Monday, November 19, 2007

Reconstructing fingerprint images from templates

This is for everyone who thinks fingerprints cannot be reverse engineered from biometric systems, and especially for Jim Knight MP, the Labour Minister for Schools and Learners, who offered up the below incorrect information in a parliamentary debate in July this year with Greg Mulholland MP:

"Secondly, as I stated earlier, it is not possible to recreate a fingerprint using the numbers that are stored. The algorithm generates a unique number, producing no information of any use to identity thieves. I shall quote from a statement from the Information Commissioner’s Office—a thoroughly independent source—that says in the third paragraph:

“Full fingerprint images are not stored and cannot be generated (‘reverse engineered’) from the template.”

I hope that that is clear to all those listening, because it is an important reassurance on the points that the hon. Gentleman has made." ...absolutely crystal Jim.


1. Original fingerprint scan
2. Stored fingerprint template

3. Print reconstructed from template
Arun Ross, Member, IEEE, Jidnya Shah, and Anil K. Jain, Fellow, IEEE
April 2007
(as shown on the Leave Them Kids Alone site)

2 comments:

Anonymous said...

At the public meeting held at Morley High School, parents were reassured that only a sequence of numbers would be stored and that it could not be reversed! This was clearly stated by the biometric salesman.
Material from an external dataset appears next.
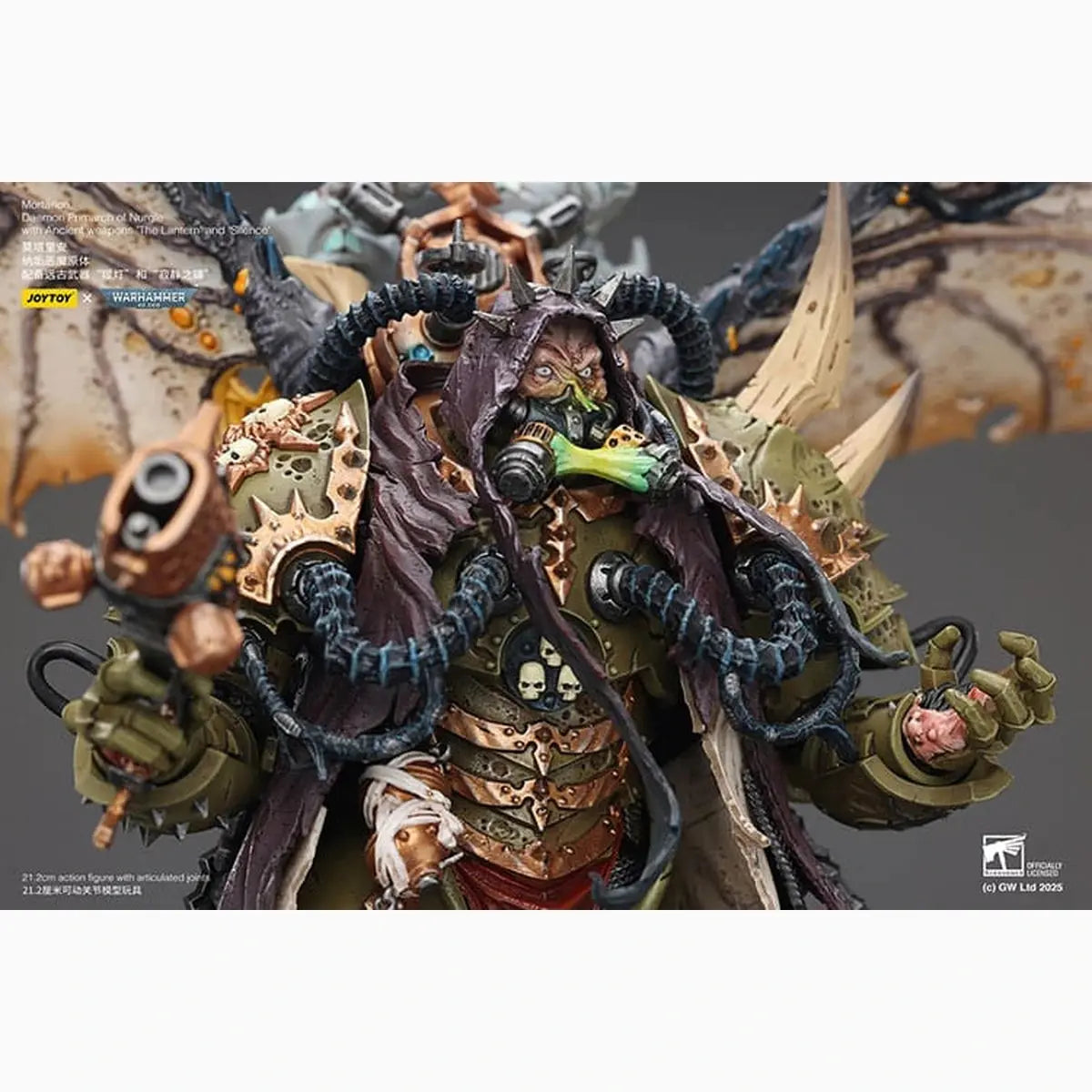 Warhammer 40k figurine 1/18 Mortarion Daemon Primarch of Nurgle with Ancient weapons The Lantern and Silence 21 cm - Image 5
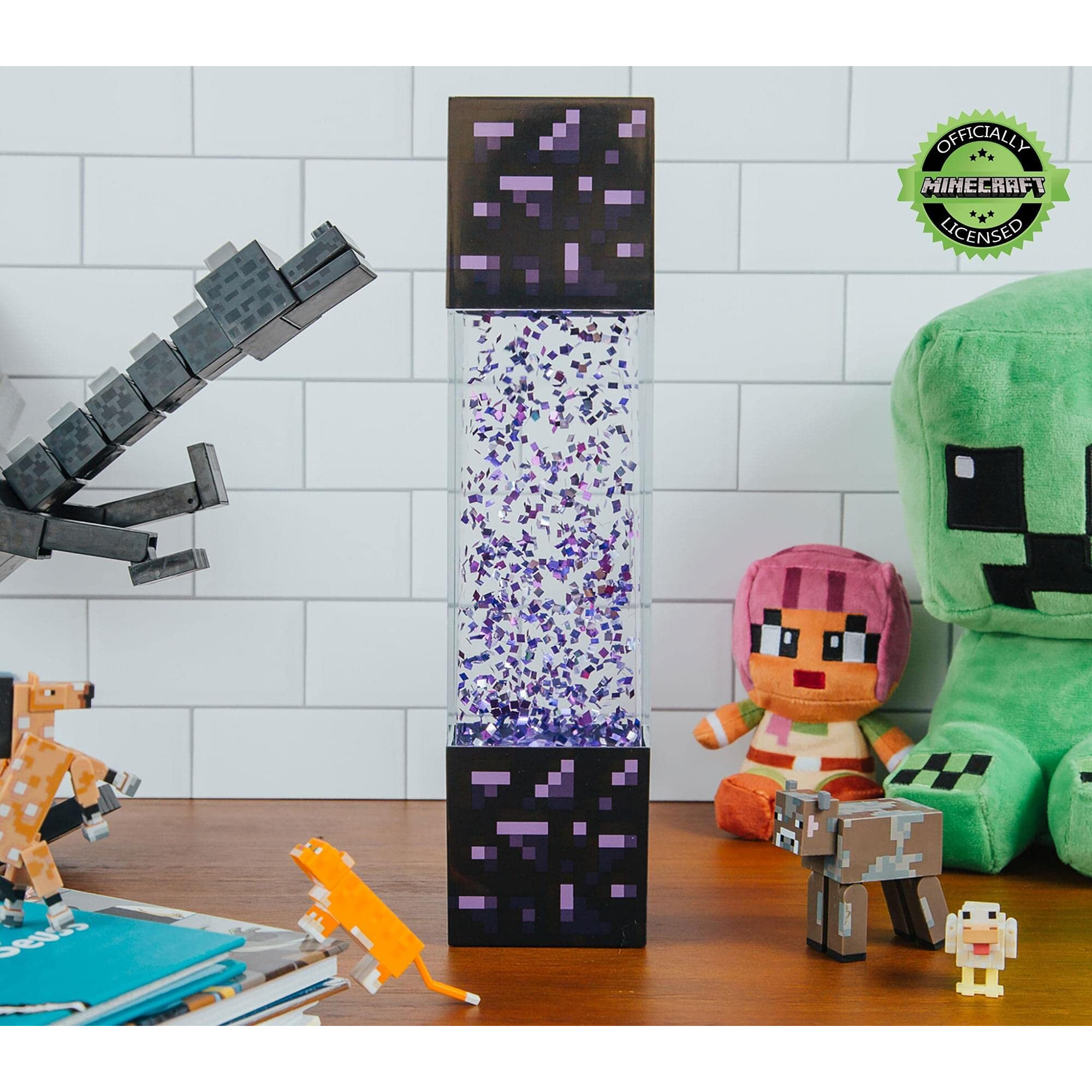 Ukonic Minecraft Multi-Nether Portal Glitter Motion Lamp | Led Light, Bedside Table Lamp For Desk | Home Decor Accessories And Room Essentials | Official Video Game Collectible | 12 Inches Tall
Also, on the BBC Radio 4 "You & Yours" interview with regards to the biometric system at Morley High School, MP Jim Knight stated the following:
"children are not fingerprinted, there is no ink pad, all that happens is that a long number is generated from part of the finger. That can't be reversed back into a fingerprint"

Anonymous said...

Fingerprint minutiae are an intermediate "half-way" house to a template. A template is non-reversible back to minutiae. Schools deciding whether to implement fingerprint systems should ask whether minutiae data are being stored in the system, or templates only. The drawback of storing templates only is that it may lock you in to a particular vendor's fingerprint technology (fingerprint images and minutiae are inter-operable). There are other systems, such as iris recognition in which a digital photograph of the eye is taken, which do not have the forensic connotations of fingerprint. These are coming down in price and are now competitive with fingerprint.